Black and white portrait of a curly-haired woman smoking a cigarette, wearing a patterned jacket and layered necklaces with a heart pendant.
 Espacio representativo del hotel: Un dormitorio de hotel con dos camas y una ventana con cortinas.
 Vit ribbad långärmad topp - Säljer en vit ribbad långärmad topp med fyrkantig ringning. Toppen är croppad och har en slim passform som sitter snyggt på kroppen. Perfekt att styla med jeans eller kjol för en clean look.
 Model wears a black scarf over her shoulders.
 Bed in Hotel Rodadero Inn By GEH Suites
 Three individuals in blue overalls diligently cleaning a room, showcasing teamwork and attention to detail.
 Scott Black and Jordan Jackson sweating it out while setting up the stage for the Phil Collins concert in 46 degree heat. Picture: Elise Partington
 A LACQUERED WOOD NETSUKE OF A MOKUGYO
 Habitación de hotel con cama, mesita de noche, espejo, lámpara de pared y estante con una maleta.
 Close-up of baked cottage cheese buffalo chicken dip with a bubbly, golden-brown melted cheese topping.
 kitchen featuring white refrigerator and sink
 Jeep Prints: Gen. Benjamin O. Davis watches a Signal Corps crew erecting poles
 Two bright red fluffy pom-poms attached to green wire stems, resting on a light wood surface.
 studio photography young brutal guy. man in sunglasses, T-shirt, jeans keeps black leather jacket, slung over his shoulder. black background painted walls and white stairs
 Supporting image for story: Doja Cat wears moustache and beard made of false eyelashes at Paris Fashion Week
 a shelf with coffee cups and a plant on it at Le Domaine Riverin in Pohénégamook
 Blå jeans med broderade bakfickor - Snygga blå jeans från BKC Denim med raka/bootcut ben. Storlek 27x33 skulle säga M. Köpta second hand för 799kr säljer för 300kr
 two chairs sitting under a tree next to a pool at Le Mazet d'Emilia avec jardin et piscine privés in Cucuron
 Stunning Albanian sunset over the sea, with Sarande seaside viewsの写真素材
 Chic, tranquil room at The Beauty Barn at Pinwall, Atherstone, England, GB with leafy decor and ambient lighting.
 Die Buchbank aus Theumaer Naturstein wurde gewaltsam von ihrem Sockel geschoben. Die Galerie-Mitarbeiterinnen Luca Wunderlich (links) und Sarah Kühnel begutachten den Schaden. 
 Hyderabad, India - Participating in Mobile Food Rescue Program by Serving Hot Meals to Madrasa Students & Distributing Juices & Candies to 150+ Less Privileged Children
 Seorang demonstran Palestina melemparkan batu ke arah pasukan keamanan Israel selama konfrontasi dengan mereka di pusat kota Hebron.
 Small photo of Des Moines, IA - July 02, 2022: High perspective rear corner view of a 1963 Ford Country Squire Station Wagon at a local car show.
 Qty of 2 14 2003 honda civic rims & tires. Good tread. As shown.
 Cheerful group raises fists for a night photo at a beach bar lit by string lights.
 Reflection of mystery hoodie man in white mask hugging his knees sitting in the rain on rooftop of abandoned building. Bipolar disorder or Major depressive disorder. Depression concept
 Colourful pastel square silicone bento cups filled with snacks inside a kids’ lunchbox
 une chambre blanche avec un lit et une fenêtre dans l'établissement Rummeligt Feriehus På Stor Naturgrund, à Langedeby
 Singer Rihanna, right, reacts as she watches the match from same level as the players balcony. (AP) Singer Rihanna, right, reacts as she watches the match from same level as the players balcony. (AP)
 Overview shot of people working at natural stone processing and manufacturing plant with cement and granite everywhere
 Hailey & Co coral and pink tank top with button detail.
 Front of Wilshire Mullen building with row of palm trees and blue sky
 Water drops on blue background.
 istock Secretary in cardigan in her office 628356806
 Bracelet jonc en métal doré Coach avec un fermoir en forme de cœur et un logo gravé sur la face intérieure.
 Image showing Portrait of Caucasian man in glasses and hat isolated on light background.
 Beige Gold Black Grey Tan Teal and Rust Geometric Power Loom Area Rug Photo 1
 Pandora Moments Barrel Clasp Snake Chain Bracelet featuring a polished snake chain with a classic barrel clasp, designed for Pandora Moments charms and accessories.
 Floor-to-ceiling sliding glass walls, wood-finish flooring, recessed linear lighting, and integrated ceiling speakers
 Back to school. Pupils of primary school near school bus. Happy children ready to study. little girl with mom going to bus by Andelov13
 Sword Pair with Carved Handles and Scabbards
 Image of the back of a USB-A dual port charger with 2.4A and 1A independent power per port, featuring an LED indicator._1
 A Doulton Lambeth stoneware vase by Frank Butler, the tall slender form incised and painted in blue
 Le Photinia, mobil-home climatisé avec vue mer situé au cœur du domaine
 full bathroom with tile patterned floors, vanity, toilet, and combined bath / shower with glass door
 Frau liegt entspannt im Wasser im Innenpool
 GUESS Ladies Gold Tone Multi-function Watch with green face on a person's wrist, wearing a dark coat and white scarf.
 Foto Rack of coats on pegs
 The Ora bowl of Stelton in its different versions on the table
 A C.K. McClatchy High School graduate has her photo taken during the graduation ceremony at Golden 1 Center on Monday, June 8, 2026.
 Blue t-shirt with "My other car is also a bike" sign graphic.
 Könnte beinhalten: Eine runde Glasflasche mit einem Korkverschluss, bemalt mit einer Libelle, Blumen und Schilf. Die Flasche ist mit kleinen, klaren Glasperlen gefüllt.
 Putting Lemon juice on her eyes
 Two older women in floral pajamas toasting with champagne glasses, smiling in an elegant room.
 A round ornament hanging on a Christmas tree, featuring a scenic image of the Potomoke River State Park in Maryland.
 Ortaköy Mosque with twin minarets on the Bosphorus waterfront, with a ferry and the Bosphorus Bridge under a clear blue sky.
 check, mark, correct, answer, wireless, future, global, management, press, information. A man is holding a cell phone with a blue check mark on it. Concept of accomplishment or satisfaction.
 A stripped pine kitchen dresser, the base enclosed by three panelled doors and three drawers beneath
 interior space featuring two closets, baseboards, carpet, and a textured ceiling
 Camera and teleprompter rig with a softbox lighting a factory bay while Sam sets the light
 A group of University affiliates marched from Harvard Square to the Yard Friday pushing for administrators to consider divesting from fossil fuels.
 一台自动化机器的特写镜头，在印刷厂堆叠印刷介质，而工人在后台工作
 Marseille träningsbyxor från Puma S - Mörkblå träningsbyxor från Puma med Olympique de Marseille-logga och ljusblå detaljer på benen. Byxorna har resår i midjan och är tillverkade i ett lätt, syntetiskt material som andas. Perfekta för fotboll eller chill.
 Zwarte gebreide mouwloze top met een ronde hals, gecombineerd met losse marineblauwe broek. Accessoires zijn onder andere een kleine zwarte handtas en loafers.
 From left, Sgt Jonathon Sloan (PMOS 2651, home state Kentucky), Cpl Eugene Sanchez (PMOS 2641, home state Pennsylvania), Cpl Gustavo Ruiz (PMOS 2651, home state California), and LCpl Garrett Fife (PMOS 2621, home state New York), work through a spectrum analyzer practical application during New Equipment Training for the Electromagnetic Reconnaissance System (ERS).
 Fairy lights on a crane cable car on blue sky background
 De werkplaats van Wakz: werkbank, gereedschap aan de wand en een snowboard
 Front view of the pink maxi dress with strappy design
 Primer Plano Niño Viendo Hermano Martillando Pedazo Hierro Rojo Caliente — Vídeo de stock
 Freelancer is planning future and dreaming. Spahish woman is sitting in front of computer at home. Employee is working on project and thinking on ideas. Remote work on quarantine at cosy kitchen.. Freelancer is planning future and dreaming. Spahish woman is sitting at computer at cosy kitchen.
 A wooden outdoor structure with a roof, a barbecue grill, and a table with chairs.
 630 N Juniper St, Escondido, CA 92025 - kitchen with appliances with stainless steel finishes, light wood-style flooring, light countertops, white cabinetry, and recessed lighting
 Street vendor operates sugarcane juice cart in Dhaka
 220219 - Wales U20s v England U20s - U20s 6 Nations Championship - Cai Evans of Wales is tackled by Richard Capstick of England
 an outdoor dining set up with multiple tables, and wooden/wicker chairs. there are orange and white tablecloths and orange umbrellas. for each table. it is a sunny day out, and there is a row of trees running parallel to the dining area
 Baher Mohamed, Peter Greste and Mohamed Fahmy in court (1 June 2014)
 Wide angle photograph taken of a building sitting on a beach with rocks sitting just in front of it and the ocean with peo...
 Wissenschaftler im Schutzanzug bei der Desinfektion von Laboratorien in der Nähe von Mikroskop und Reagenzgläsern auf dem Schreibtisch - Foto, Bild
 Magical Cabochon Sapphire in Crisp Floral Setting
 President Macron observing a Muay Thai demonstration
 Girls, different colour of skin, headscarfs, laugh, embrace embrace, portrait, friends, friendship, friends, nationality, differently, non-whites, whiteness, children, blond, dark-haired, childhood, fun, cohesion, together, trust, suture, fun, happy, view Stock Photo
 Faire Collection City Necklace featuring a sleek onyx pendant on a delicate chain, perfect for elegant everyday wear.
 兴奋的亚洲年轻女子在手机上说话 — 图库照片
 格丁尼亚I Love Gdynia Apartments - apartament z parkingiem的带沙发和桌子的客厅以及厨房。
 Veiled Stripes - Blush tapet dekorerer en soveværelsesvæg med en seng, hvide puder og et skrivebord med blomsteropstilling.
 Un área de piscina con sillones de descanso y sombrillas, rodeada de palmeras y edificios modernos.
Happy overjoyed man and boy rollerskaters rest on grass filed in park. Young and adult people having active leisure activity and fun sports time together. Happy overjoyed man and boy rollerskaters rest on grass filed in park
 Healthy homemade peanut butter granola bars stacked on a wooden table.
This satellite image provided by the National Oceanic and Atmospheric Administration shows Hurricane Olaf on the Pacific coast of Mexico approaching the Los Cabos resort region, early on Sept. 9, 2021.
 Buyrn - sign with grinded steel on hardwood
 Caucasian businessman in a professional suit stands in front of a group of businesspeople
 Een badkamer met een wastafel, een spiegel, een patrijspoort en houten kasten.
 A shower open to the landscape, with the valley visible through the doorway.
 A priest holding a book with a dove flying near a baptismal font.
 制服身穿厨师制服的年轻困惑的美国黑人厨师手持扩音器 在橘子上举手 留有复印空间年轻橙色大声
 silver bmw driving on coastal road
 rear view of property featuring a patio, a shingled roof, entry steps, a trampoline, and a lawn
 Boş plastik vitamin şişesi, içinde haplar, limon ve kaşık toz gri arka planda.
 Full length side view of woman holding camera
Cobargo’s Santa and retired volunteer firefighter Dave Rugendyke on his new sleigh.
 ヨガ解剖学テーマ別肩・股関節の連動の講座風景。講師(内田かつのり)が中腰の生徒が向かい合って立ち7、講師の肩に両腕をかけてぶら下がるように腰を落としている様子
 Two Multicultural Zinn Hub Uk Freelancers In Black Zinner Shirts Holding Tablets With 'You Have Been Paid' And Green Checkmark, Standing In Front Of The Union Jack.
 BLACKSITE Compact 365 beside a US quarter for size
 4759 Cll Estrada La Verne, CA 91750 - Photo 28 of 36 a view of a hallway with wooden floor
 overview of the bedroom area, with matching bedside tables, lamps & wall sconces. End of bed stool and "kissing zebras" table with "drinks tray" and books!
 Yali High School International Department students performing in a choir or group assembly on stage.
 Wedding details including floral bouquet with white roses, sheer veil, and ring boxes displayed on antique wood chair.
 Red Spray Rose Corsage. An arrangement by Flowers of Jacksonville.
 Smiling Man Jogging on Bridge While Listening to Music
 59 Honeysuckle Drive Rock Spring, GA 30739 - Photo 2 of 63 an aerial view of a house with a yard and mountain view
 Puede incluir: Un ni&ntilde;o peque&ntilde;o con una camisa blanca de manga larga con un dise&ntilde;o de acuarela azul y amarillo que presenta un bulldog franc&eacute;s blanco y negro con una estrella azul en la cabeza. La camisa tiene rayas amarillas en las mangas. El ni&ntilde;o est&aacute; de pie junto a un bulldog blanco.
-*-*-
All lines above between those holding "A stripped pine" and "一台自动化机器的特写镜头，在印刷厂堆叠印刷介质，而工人在后台工作", inclusive, must be set down unchanged, and no other line may be included.

# EXERCISE OUTPUT:
 A stripped pine kitchen dresser, the base enclosed by three panelled doors and three drawers beneath
 interior space featuring two closets, baseboards, carpet, and a textured ceiling
 Camera and teleprompter rig with a softbox lighting a factory bay while Sam sets the light
 A group of University affiliates marched from Harvard Square to the Yard Friday pushing for administrators to consider divesting from fossil fuels.
 一台自动化机器的特写镜头，在印刷厂堆叠印刷介质，而工人在后台工作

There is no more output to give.